[Opening Extracted records section]

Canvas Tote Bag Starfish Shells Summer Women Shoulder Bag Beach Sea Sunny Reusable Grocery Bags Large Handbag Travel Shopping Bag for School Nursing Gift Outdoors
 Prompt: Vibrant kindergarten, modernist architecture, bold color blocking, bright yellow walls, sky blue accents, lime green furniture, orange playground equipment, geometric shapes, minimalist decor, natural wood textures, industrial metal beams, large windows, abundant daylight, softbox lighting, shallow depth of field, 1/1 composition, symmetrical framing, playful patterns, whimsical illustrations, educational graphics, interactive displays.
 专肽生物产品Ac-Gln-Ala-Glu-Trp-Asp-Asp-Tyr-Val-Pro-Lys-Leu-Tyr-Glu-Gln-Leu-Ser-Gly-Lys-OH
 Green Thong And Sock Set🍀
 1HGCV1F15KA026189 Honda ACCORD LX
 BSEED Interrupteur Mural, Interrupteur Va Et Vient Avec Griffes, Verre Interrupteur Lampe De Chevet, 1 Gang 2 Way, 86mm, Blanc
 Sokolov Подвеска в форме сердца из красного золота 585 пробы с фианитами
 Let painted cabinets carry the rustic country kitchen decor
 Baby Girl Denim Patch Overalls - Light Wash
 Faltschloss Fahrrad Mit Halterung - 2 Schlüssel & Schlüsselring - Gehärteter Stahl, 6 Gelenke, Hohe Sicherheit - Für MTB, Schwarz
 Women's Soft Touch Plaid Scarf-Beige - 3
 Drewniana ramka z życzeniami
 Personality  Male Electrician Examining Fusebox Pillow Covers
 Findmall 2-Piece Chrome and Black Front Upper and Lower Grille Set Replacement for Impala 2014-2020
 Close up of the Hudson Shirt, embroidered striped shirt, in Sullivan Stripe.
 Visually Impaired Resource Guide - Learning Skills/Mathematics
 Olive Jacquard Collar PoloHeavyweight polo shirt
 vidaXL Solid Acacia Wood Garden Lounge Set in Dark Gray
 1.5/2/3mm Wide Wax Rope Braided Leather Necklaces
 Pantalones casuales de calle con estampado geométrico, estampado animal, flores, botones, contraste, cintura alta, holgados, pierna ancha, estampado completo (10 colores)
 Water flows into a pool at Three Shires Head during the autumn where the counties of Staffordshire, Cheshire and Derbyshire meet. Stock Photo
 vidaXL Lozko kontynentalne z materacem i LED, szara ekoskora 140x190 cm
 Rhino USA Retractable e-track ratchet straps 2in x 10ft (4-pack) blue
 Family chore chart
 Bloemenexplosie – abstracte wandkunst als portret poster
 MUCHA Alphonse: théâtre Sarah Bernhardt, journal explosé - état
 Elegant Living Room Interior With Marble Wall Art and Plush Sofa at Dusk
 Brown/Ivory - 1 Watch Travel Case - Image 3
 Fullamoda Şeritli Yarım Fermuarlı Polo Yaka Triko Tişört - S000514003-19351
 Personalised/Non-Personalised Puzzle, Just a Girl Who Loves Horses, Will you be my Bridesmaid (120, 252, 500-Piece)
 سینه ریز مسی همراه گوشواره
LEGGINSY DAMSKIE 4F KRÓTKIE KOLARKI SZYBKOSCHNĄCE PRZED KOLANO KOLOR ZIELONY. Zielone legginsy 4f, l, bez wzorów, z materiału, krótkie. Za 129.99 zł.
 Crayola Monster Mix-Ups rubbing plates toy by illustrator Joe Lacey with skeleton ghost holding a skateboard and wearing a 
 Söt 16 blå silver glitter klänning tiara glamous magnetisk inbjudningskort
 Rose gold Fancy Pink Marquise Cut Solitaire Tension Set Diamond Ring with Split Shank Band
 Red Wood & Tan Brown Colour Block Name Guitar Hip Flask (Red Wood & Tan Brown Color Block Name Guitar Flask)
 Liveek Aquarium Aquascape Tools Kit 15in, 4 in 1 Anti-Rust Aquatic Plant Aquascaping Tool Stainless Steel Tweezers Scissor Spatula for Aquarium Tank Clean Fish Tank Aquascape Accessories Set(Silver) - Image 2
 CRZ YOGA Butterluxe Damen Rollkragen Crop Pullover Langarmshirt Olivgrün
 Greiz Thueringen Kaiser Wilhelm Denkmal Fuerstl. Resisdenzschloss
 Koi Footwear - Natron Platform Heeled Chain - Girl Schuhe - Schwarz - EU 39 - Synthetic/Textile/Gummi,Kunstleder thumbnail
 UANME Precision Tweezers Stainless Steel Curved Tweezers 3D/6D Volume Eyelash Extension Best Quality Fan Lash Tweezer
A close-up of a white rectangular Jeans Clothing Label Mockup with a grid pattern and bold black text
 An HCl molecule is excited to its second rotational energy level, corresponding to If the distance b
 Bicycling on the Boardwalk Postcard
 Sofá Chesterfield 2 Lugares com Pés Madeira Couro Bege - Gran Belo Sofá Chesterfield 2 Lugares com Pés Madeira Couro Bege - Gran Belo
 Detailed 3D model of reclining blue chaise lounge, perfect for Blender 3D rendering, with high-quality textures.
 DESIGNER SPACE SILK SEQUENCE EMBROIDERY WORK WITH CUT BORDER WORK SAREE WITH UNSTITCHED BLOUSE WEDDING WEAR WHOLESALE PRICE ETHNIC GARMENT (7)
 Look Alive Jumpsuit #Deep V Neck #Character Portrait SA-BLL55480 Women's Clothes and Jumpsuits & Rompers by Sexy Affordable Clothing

[Closing Extracted records section]

Set the lines down exactly, from the first line of the records to the line where "Fusebox Pillow Covers" appears, with both ends kept.

Canvas Tote Bag Starfish Shells Summer Women Shoulder Bag Beach Sea Sunny Reusable Grocery Bags Large Handbag Travel Shopping Bag for School Nursing Gift Outdoors
 Prompt: Vibrant kindergarten, modernist architecture, bold color blocking, bright yellow walls, sky blue accents, lime green furniture, orange playground equipment, geometric shapes, minimalist decor, natural wood textures, industrial metal beams, large windows, abundant daylight, softbox lighting, shallow depth of field, 1/1 composition, symmetrical framing, playful patterns, whimsical illustrations, educational graphics, interactive displays.
 专肽生物产品Ac-Gln-Ala-Glu-Trp-Asp-Asp-Tyr-Val-Pro-Lys-Leu-Tyr-Glu-Gln-Leu-Ser-Gly-Lys-OH
 Green Thong And Sock Set🍀
 1HGCV1F15KA026189 Honda ACCORD LX
 BSEED Interrupteur Mural, Interrupteur Va Et Vient Avec Griffes, Verre Interrupteur Lampe De Chevet, 1 Gang 2 Way, 86mm, Blanc
 Sokolov Подвеска в форме сердца из красного золота 585 пробы с фианитами
 Let painted cabinets carry the rustic country kitchen decor
 Baby Girl Denim Patch Overalls - Light Wash
 Faltschloss Fahrrad Mit Halterung - 2 Schlüssel & Schlüsselring - Gehärteter Stahl, 6 Gelenke, Hohe Sicherheit - Für MTB, Schwarz
 Women's Soft Touch Plaid Scarf-Beige - 3
 Drewniana ramka z życzeniami
 Personality  Male Electrician Examining Fusebox Pillow Covers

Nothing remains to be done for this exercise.